■ **TASK TO CARRY OUT**
Using the listing below, copy exactly the lines from the one containing "Coffee is my" to the one containing "静岡県浜松市で行われたWSL公認大会「SumatranSurfariis Hamamatsu Open", both lines included, and no others.

■ **DATA FOR THE TASK**
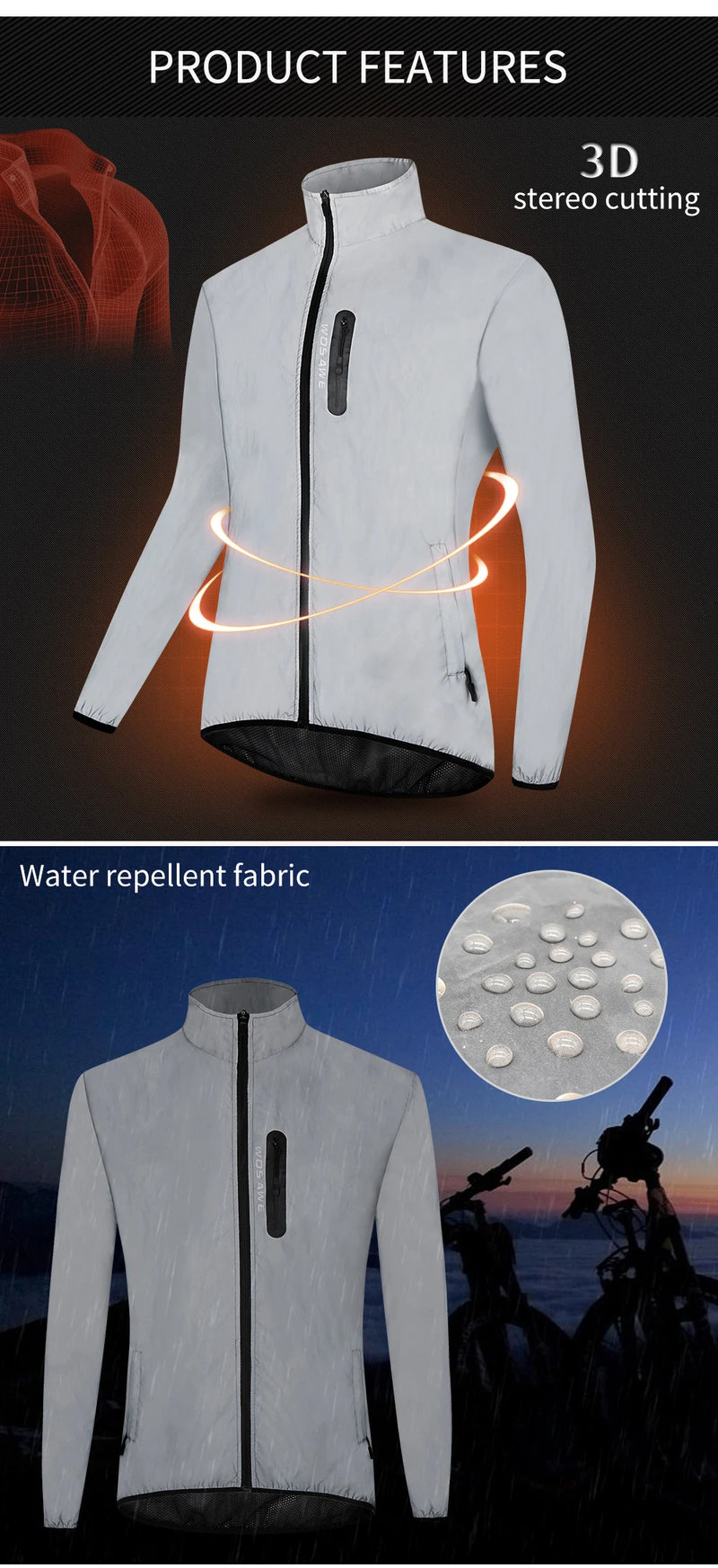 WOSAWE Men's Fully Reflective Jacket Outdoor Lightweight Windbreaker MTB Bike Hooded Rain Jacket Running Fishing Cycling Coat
* * *
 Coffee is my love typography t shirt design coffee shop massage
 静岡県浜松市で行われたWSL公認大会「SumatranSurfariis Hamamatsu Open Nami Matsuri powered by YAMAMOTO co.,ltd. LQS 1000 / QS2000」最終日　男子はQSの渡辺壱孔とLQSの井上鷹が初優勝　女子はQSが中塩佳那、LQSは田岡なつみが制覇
--
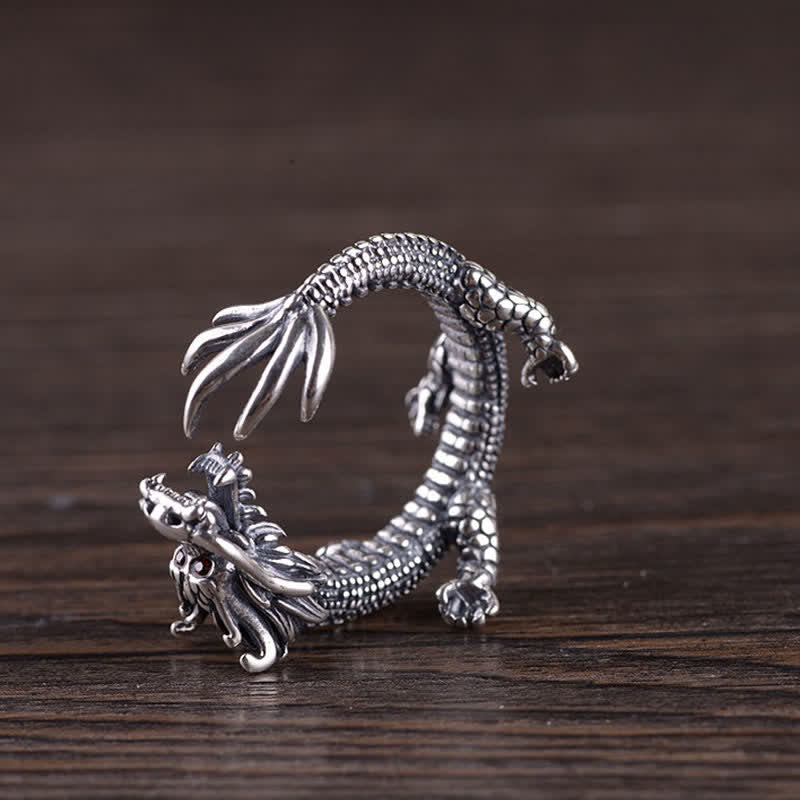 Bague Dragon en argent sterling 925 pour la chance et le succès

■ **EXPECTED ANSWER**
 Coffee is my love typography t shirt design coffee shop massage
 静岡県浜松市で行われたWSL公認大会「SumatranSurfariis Hamamatsu Open Nami Matsuri powered by YAMAMOTO co.,ltd. LQS 1000 / QS2000」最終日　男子はQSの渡辺壱孔とLQSの井上鷹が初優勝　女子はQSが中塩佳那、LQSは田岡なつみが制覇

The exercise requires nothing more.